Summary - floating HEPI has significant improvements in the X and Y directions, the peak frequency of the effect shifts from ~11 Hz to ~8 Hz and reduces the magnitude of the resonance by ~an order of magnitude.

Thanks to Hugh, who put HEPI in all three states (see alogs - 13077, 13103, 13129), I've looked at the HEPI pier resonance at ETMY; I wanted to see the benefits of floating HEPI. I've taken one hours worth of recent data from when HEPI was locked/floating and compared the ground motion recorded by the STS2 (H1:ISI-ETMY_ST1_SENSCOR_GND_STS_X/Y/Z_FIR_IN1_DQ) to the top of the HEPI piers by the L4Cs (H1:HPI-ETMY_BLND_L4C_X/Y/Z_IN1_DQ). Attached is a plot showing the ASD ratio of the L4Cs to the STS2 for when HEPI is both locked and floating. Floating HEPI has significant improvements in the X and Y dorections only, the peak frequency of the amplification shifts from ~11 Hz to ~8 Hz and reduces the magnitude of the resonance by ~an order of magnitude. This is very similar to what we see at BSC1-3 at LLO (https://alog.ligo-la.caltech.edu/aLOG/index.php?callRep=13828).
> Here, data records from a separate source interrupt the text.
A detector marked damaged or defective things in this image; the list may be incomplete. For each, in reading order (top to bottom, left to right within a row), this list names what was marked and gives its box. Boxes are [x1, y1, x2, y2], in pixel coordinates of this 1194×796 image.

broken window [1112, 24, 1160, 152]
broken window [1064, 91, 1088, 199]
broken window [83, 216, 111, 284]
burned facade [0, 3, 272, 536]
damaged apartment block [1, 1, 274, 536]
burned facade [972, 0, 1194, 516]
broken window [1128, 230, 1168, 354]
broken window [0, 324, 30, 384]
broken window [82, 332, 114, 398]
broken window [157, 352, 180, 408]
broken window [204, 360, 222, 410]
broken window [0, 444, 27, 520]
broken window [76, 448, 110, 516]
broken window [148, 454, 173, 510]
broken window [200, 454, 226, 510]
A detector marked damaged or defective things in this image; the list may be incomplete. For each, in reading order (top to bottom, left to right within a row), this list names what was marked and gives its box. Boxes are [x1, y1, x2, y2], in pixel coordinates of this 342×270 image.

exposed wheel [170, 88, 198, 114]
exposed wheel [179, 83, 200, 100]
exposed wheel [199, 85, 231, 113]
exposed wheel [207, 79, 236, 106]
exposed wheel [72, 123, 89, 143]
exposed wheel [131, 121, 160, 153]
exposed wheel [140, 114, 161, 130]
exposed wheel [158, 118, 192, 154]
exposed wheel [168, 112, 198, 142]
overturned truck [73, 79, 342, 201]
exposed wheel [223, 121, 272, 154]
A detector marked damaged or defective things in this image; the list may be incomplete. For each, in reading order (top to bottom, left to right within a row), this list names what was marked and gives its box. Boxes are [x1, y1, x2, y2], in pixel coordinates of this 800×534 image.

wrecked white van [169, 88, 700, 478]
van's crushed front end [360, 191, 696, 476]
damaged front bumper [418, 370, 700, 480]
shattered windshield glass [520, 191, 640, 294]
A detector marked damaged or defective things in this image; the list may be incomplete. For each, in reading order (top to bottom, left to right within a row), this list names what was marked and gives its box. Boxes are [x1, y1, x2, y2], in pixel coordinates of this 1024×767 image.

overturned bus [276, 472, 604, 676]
Comparing times when HEPI is locked, ISI is isolated and times when HEPI is locked, ISI St1 is isolated and St2 is damped do not appear to show much difference.

To see more on this study (and more plots) see: https://dcc.ligo.org/G1400820

NOTE - Data is still not being saved correctly to the H1:ISI-GND_STS_ETMY_X/Y/Z_DQ channels (https://alog.ligo-wa.caltech.edu/aLOG/index.php?callRep=12818), hence why I've used the SENSCOR channels.